Root Agent Orchestration: Central coordinator that intelligently routes user requests to specialized sub-agents based on context and intent
Email Agent Specialization: Dedicated agent handling Gmail operations including reading, sending, organizing, and AI-powered email analysis
Calendar Agent Management: Specialized agent for comprehensive Google Calendar operations, event creation, scheduling, and conflict resolution
Cross-Agent Workflows: Seamless data passing between agents enabling complex scenarios like converting email requests into calendar events

Technology Stack

Frontend: React 18 with TypeScript, Vite build system, Tailwind CSS for responsive design, and custom avatar integration components

Backend: FastAPI with Python for high-performance API development, comprehensive Supabase integration for authentication and data management

Google Cloud Stack:

Vertex AI for agent deployment and management
Google Cloud Speech-to-Text and Text-to-Speech APIs for voice processing
Cloud Run for scalable containerized deployment

Avatar Integration:

HeyGen API for streaming avatar generation and real-time voice synthesis
Custom static avatar system for fallback scenarios

Authentication: Supabase Auth with Google OAuth integration for secure user management

Core Features Implementation

Voice-First Interface: Complete speech-to-text and text-to-speech integration allowing natural conversation with AI avatars

Real-Time Avatar Integration: HeyGen streaming avatars provide lifelike visual representation with synchronized voice responses and lip-sync technology

Gmail and Calendar OAuth Integration: Seamless connection to Google services enabling comprehensive email management and calendar operations

Session Management: Persistent conversation history with context awareness across multiple agent interactions

Challenges we ran into

OAuth Verification Hurdles

Due to Google's OAuth verification requirements, our application is currently in testing mode, which restricts access to whitelisted test user accounts only.
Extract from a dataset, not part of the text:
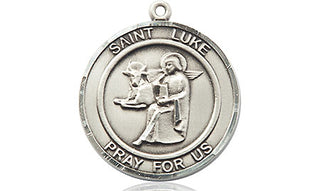 Sterling Silver Saint Luke the Apostle Medal Religious Jewelry Engraved Catholic Saint Jewelry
Production-level OAuth access requires Google's brand verification process, which takes 3–5 business days for initial response and up to 4–6 weeks for full approval—a timeline incompatible with hackathon submission deadlines. We solved this by providing test account credentials for evaluation.

Voice Processing Latency

Balancing real-time voice interaction with high-quality avatar responses proved challenging. The delay between speech input and avatar response needed to feel natural. With more time, we could have implemented advanced caching strategies and optimized our speech processing pipeline to reduce latency significantly.

Dependency Conflicts

We encountered an unexpected and time-consuming issue where importing Supabase client libraries caused HTTP response parsing conflicts with Vertex AI ADK session creation. The Supabase client's HTTP handling interfered with ADK's expected response format, causing critical errors. This wasn't something we anticipated and took considerable time to resolve by developing a custom authentication approach.

HeyGen AI Streaming Sessions and Cost Management

HeyGen's streaming avatar sessions come with significant costs, which forced us to implement user quotas limiting each user to 15 minutes of streaming avatar time. After the quota is reached, users switch to a static avatar with voice to prevent burning through our budget while still demonstrating the full concept. Additionally, switching between streaming and static avatars can break the session, so we implemented a 10-second lock period to ensure smooth transitions.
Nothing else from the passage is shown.